TFX pipeline components
The following diagram shows the flow of data between different TFX components:

Flow of data between TFX components
All the images in the TFX section have been adapted from the TensorFlow Extended official guide: https://www.tensorflow.org/tfx/guide.
To begin with we have ExampleGen, which ingests the input data, and can also split the input dataset. The data then flows to StatisticsGen, which calculates the statistics of the dataset. Then comes SchemaGen, which examines the statistics and creates a data schema; then an ExampleValidator, which looks for anomalies and missing values in the data; and Transform, which performs feature engineering in the dataset. The transformed dataset is then fed to the Trainer, which trains the model. The performance of the model is evaluated using Evaluator and ModelValidator. Finally, if all is well, the Pusher deploys the model on the serving infrastructure.
TFX libraries
TFX provides several Python packages that are used to create pipeline components. Quoting from the TensorFlow Extended User Guide (https://www.tensorflow.org/tfx/guide).

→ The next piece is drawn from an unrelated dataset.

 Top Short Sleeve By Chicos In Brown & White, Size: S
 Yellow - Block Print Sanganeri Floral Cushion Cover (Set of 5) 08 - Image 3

These packages are the libraries which you will use to create the components of your pipelines so that your code can focus on the unique aspects of your pipeline.
Different libraries included in TFX are:
- TensorFlow Data Validation (TFDV) is a library for analyzing and validating machine learning data
- TensorFlow Transform (TFT) is a library for preprocessing data with TensorFlow
- TensorFlow is used for training models with TFX
- TensorFlow Model Analysis (TFMA) is a library for evaluating TensorFlow models
- TensorFlow Metadata (TFMD) provides standard representations for metadata that are useful when training machine learning models with TensorFlow
- ML Metadata (MLMD) is a library for recording and retrieving metadata associated with ML developers and data scientists' workflows
The following diagram demonstrates the relationship between TFX libraries and pipeline components:

Figure 7: Relationships between TFX libraries and pipeline components, visualized
TFX uses the open source Apache Beam to implement data-parallel pipelines. Optionally TFX allows Apache Airflow and Kubeflow for easy configuration, operation, monitoring, and maintenance of the ML pipeline. Once the model is developed and trained, using TFX you can deploy it to one or more deployment target(s) where it will receive inference requests. TFX supports deployment to three classes of deployment targets: TensorFlow Serving (works with REST or gRPC interface), TensorFlow.js (for browser applications), and TensorFlow Lite (for native mobile and IoT applications). Trained models that have been exported as SavedModels can be deployed to any or all of these deployment targets.